7. Originally Posted by Jhevon

here's how to start, what ae the definitions of "equivalence relation" and "(partial) order relations"? how do we know a relation is one of these or not?
Here we go:
1. (r) $(\forall a\in A) a\rho a$
2. (s) $(\forall a,b \in A) a\rho b \Rightarrow b\rho a$
3. (t) $(\forall a,b,c \in A) a\rho b \wedge b\rho c \Rightarrow a\rho c$
4. (a) $(\forall a,b\in A)a\rho b \wedge b\rho a \Rightarrow a = b$

The relation that fulfills conditions 1, 2 & 3 is called equivalence relation. Relation that fulfills 1, 3 & 4 is called a partial order relation. That's what I know

8. Originally Posted by javax
Here we go:
1. (r) $(\forall a\in A) a\rho a$
2. (s) $(\forall a,b \in A) a\rho b \Rightarrow b\rho a$
3. (t) $(\forall a,b,c \in A) a\rho b \wedge b\rho c \Rightarrow a\rho c$
4. (a) $(\forall a,b\in A)a\rho b \wedge b\rho a \Rightarrow a = b$

The relation that fulfills conditions 1, 2 & 3 is called equivalence relation. Relation that fulfills 1, 2 & 4 is called a partial order relation. That's what I know
actually, 1, 3 & 4 makes a partial order relation.

ok, so check if it is an equivalence relation:

(1) does x relate to itself? can you find and integer such that x = zx?
(2) do we have symmetry. if we can find and integer z so that y = zx, will we always be able to find an integer n so that x = ny?
(3) do we have transitivity? if we have integers n and m so that a = mb and b = nc, can we find an integer k so that a = kc?

9. Originally Posted by Jhevon
actually, 1, 3 & 4 makes a partial order relation.
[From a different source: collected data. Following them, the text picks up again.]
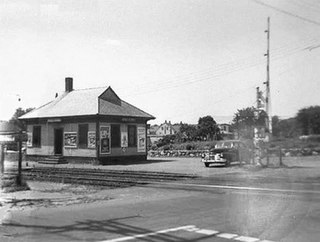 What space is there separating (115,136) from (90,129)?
204cm

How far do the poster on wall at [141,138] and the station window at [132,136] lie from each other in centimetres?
39

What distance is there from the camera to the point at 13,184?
16531mm

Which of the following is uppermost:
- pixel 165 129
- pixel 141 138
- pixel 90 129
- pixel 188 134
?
pixel 165 129

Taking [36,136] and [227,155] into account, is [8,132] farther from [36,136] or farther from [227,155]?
[36,136]

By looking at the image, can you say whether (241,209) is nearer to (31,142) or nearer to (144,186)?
(144,186)

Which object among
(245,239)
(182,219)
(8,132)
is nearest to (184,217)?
(182,219)

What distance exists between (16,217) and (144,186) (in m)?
7.08

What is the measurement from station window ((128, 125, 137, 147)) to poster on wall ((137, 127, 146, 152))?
15.3 inches

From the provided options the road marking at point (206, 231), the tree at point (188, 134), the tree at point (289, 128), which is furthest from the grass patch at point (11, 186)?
the tree at point (188, 134)

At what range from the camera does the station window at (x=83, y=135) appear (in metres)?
32.7

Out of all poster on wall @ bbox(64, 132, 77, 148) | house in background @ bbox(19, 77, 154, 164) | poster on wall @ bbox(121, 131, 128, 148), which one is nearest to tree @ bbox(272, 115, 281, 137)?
house in background @ bbox(19, 77, 154, 164)

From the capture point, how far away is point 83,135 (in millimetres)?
33000

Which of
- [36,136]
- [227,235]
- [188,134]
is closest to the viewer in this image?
[227,235]

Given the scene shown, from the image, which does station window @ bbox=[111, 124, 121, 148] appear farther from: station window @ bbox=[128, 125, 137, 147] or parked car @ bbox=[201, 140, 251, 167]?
parked car @ bbox=[201, 140, 251, 167] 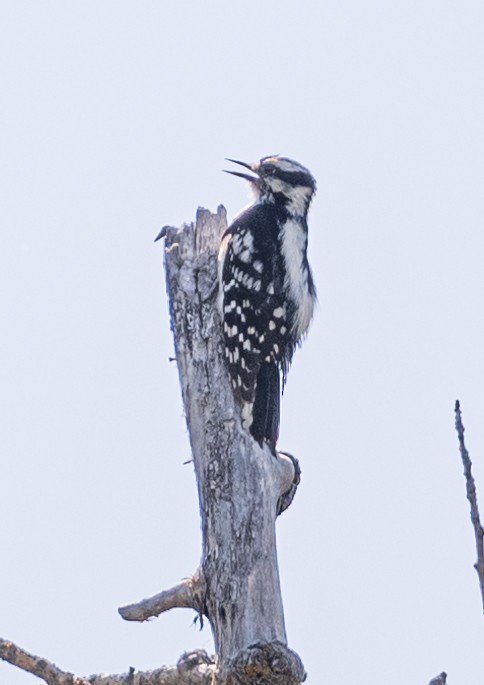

ok, so check if it is an equivalence relation:

(1) does x relate to itself? can you find and integer such that x = zx?
(2) do we have symmetry. if we can find and integer z so that y = zx, will we always be able to find an integer n so that x = ny?
(3) do we have transitivity? if we have integers n and m so that a = mb and b = nc, can we find an integer k so that a = kc?
After exploring my notebook, here's my attempt:

(1) (r)
$x\rho x \Leftrightarrow \exists k=1$ such that $x=kx \Rightarrow x=x$
it fills the reflexive condition

(2) (s) $x\rho y (\exists z)(y=zx)$, $\hspace{2cm}y\rho x (\exists u)(x=uy)$
if we multiply these we have $(\exists z)(\exists u) yx=z x u y$ For $z=u=1$ we have $yx=xy$ (Does this mean that we have a symmetry?

(3) (t) $\exists z(y=zx)\wedge \exists u(t=uy)$. I multiplied again
$(\exists u)(\exists z) t=(uz)x.$
sub. $uz=p \Rightarrow t=px.$

What do you think?

10. Originally Posted by javax
After exploring my notebook, here's my attempt:

(1) (r)
$x\rho x \Leftrightarrow \exists k=1$ such that $x=kx \Rightarrow x=x$
it fills the reflexive condition
brilliant!

(2) (s) $x\rho y (\exists z)(y=zx)$, $\hspace{2cm}y\rho x (\exists u)(x=uy)$
if we multiply these we have $(\exists z)(\exists u) yx=z x u y$ For $z=u=1$ we have $yx=xy$ (Does this mean that we have a symmetry?
think of an example.

take y = 2 and x = 1. clearly y relates to x, since y = zx (where z = 2).

but does x relate to y? can we find an integer k so that x = ky, that is, 1 = k*2?

(3) (t) $\exists z(y=zx)\wedge \exists u(t=uy)$. I multiplied again
$(\exists u)(\exists z) t=(uz)x.$
sub. $uz=p \Rightarrow t=px.$

What do you think?
yup, that's nice. we do have transitivity

11. Originally Posted by Jhevon

think of an example.

take y = 2 and x = 1. clearly y relates to x, since y = zx (where z = 2).

but does x relate to y? can we find an integer k so that x = ky
y=zx, x=ky
Ok like you said if we have y=x=z=k=1, we have a symmetry don't we?

12. Originally Posted by javax
y=zx, x=ky
Ok like you said if we have y=x=z=k=1, we have a symmetry don't we?
i gave you an example where it didn't work, didn't i? look back at your definitions, it must work for ALL x and y, not just specific ones

13. Originally Posted by Jhevon
i gave you an example where it didn't work, didn't i? look back at your definitions, it must work for ALL x and y, not just specific ones
ohhhh cool
ok so if it is not symmetric does that mean that it is antisymmetric?